Ha consistido, básicamente, en el trabajo de la costurera: hacer el patchwork, unir esa especie de pequeñas teselas del mosaico y hacer que todo funcione como un bloque. Para eso recurro a unas entradillas más extensas que los artículos y a unas conclusiones que, del mismo modo, poseen un desarrollo más amplio, con una longitud tres o cuatro veces mayor. Con eso consigo fijar la atención sobre algo que viene disperso, pero que yo intento que sea más genérico”.

-Dice en su libro que una opinión “es un estado de ánimo, un pensamiento influido por las circunstancias”. Visto lo visto, ¿ha cambiado mucho su estado de ánimo en relación al que tenía cuando escribió estos artículos?

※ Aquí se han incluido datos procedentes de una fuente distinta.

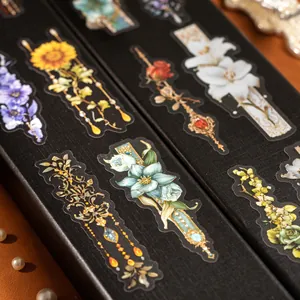 Vintage floral art stickers with sunflowers and pearl charms for DIY scrapbooking decor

“No, no ha cambiado. Además, porque la opinión no es en este caso una cuestión temporal. La sigo defendiendo en el momento en el que la edito. La opinión, claro, puede ser cambiante porque las circunstancias cambian, pero eso poco tiene que ver con este libro. Incluso dentro de Tiempo de desencuentros, hablando de temas judiciales, hago una referencia a una definición de lo que es una sentencia que tiene mucho que ver con esa idea de que una opinión es un estado de ánimo. La palabra sentencia proviene del latín setentia y está vinculada con nuestro verbo sentir. La sentencia es el producto de un sentimiento. El juez se imbuye de una categoría sentimental y está seguro de su dictamen justamente porque el sentimiento que lo posee en ese momento le obliga a dictar determinada sentencia. Siempre, claro, adecuada a los preceptos legales. El carácter sentimental, emotivo, personal de la opinión, lo que aporta la condición individual del pensante, eso es inimitable. Eso es lo que le da valor a las opiniones, el que sean diversas, el que no estén sometidas a un patrón inamovible y que, en definitiva, podamos opinar en libertad, que es lo que yo intento hacer”.